▶ Records for the exercise
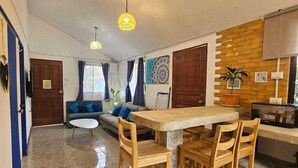 Een ruime woonkamer met een houten eettafel en stoelen, een bank met blauwe kussens en een decoratief wandobject.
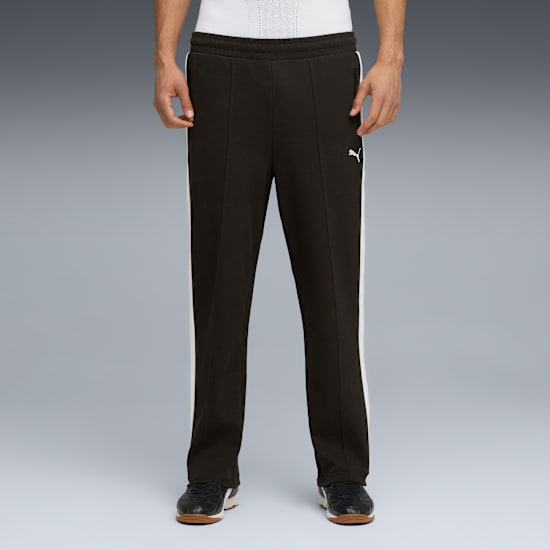 Against grey, a model displays black track pants with a white stripe and dark trainers.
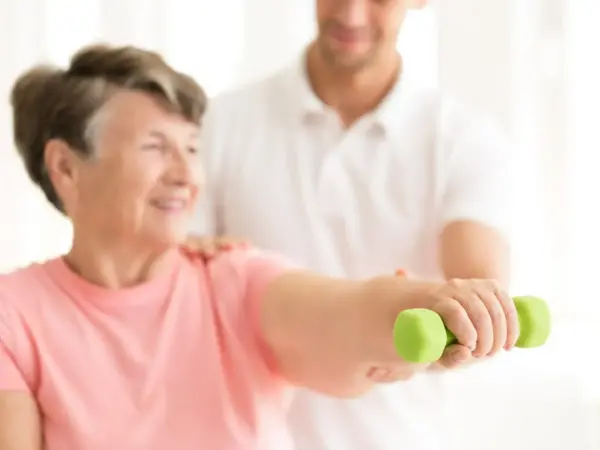 starsza kobieta ćwicząca z fizjoterapeutą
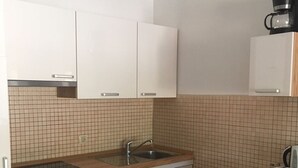Ett kompakt kök med vita skåp, en diskho, en diskmaskin och en kaffemaskin.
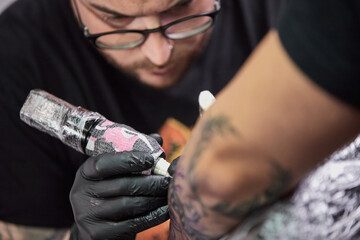 Tattoo of a lion on the arm of the client in the salon. Tattoo artist working on a client's arm in his studio.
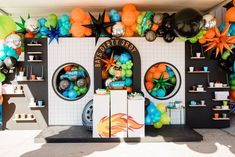 an assortment of balloons and decorations on display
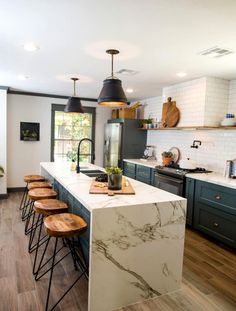 a kitchen with marble counter tops and stools in front of an island that's surrounded by wood flooring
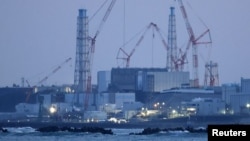 Pembangkit listrik tenaga nuklir Fukushima Daiichi yang hancur akibat tsunami terlihat dari pelabuhan nelayan Ukedo di dekat kota Namie, Prefektur Fukushima, Jepang, 10 Maret 2025, pada malam peringatan 14 tahun bencana gempa bumi dan tsunami 2011. (Kyodo/via REUTERS)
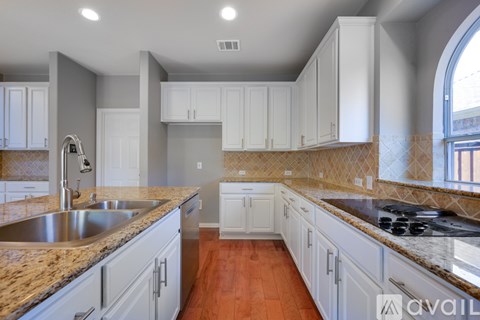A kitchen with white cabinets and a granite countertop.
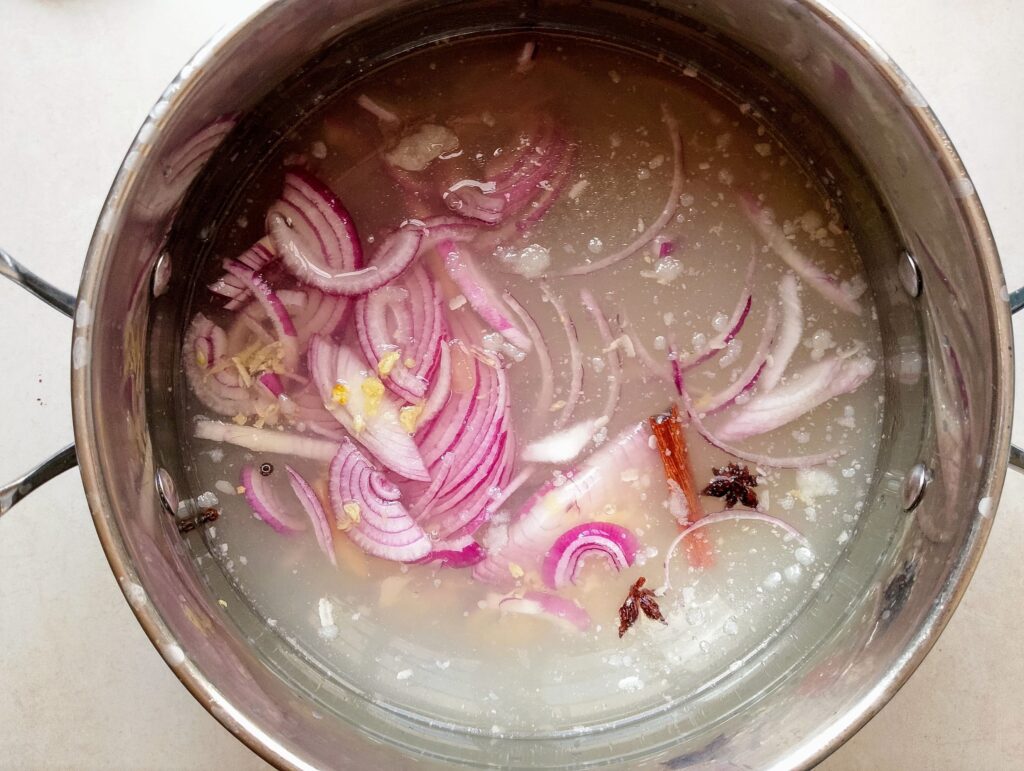 Making broth base for the Chinese noodle soup with onions, garlic, spices, and chicken bone broth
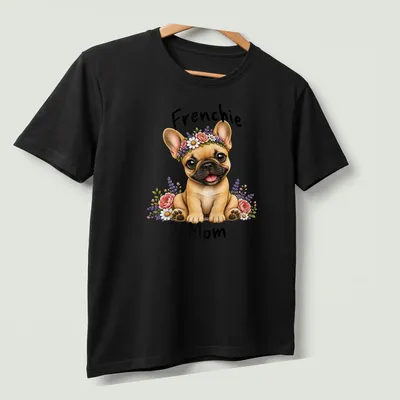 Illustration of a French Bulldog with a floral crown and text saying 'Frenchie Mom' — printed on a unisex t-shirt (angled view)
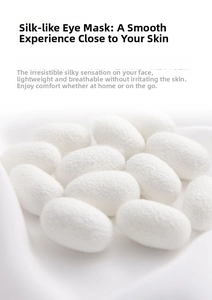 Close-up of white natural silk cocoons representing the raw premium material of sleep masks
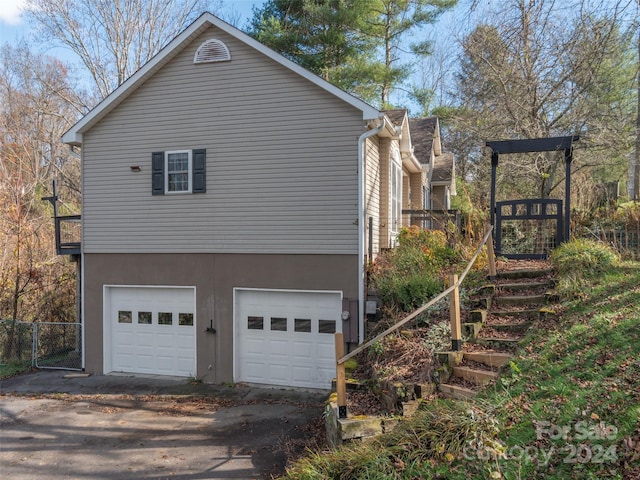 view of home's exterior with a garage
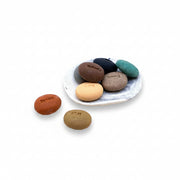 Mood soap pebbles and marbled porcelain dish on a white background
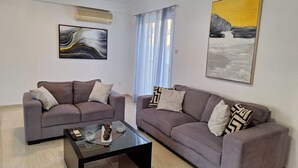 Ein Wohnzimmer mit zwei Sofas, einem Couchtisch und Bildern an den Wänden.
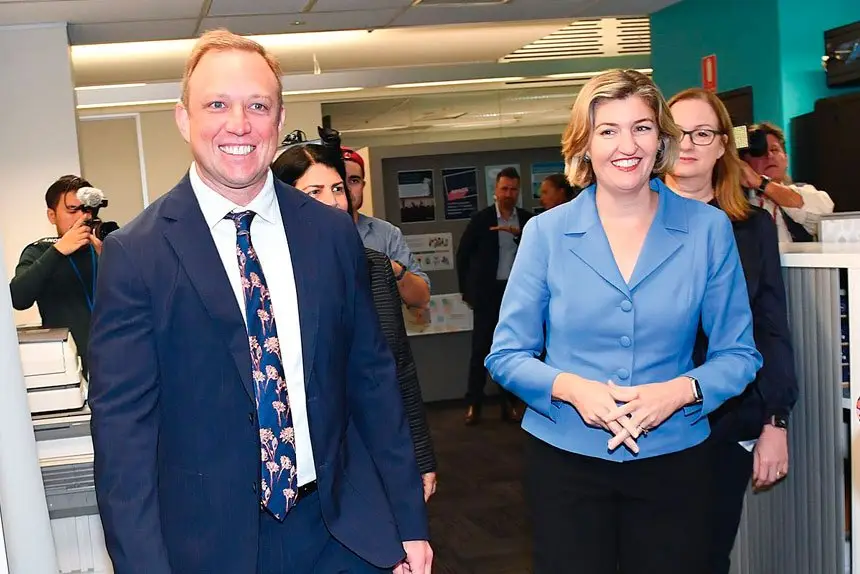 Premier Steven Miles and Health Minister Shannon Fentiman arrive to speak to media during a press conference in Brisbane.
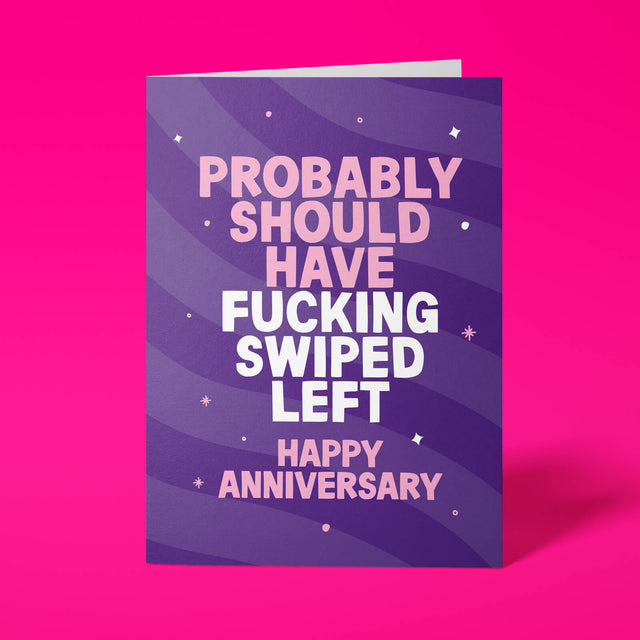 Deep purple anniversary card with pink and white block-capital text reading "PROBABLY SHOULD HAVE FUCKING SWIPED LEFT, HAPPY ANNIVERSARY," decorated with hand-drawn stars, dots and sparkle icons.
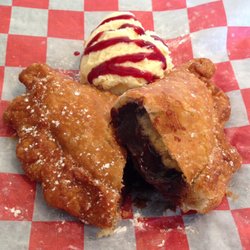 31 South Barbecue - Fresh Fried Chocolate Fried Pie with vanilla ice cream and raspberry sauce.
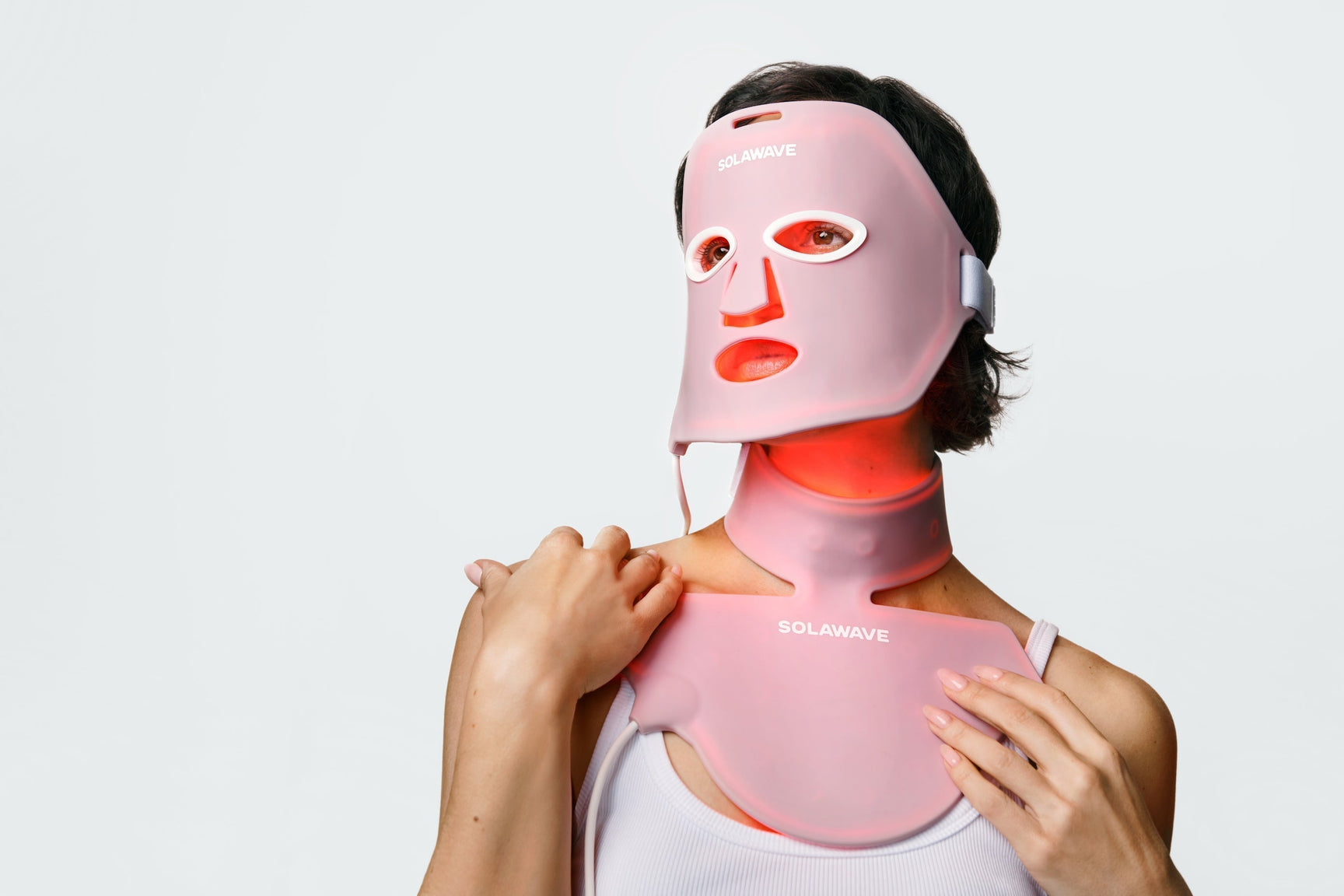 An image of a woman wearing a red light therapy face mask along with a neck and chest mask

▶ Goal of the exercise
Please transcribe each line above exactly, but leave the images out.

▶ Solved problem
 Een ruime woonkamer met een houten eettafel en stoelen, een bank met blauwe kussens en een decoratief wandobject.
 Against grey, a model displays black track pants with a white stripe and dark trainers.
 starsza kobieta ćwicząca z fizjoterapeutą
Ett kompakt kök med vita skåp, en diskho, en diskmaskin och en kaffemaskin.
 Tattoo of a lion on the arm of the client in the salon. Tattoo artist working on a client's arm in his studio.
 an assortment of balloons and decorations on display
 a kitchen with marble counter tops and stools in front of an island that's surrounded by wood flooring
 Pembangkit listrik tenaga nuklir Fukushima Daiichi yang hancur akibat tsunami terlihat dari pelabuhan nelayan Ukedo di dekat kota Namie, Prefektur Fukushima, Jepang, 10 Maret 2025, pada malam peringatan 14 tahun bencana gempa bumi dan tsunami 2011. (Kyodo/via REUTERS)
A kitchen with white cabinets and a granite countertop.
 Making broth base for the Chinese noodle soup with onions, garlic, spices, and chicken bone broth
 Illustration of a French Bulldog with a floral crown and text saying 'Frenchie Mom' — printed on a unisex t-shirt (angled view)
 Close-up of white natural silk cocoons representing the raw premium material of sleep masks
 view of home's exterior with a garage
 Mood soap pebbles and marbled porcelain dish on a white background
 Ein Wohnzimmer mit zwei Sofas, einem Couchtisch und Bildern an den Wänden.
 Premier Steven Miles and Health Minister Shannon Fentiman arrive to speak to media during a press conference in Brisbane.
 Deep purple anniversary card with pink and white block-capital text reading "PROBABLY SHOULD HAVE FUCKING SWIPED LEFT, HAPPY ANNIVERSARY," decorated with hand-drawn stars, dots and sparkle icons.
 31 South Barbecue - Fresh Fried Chocolate Fried Pie with vanilla ice cream and raspberry sauce.
 An image of a woman wearing a red light therapy face mask along with a neck and chest mask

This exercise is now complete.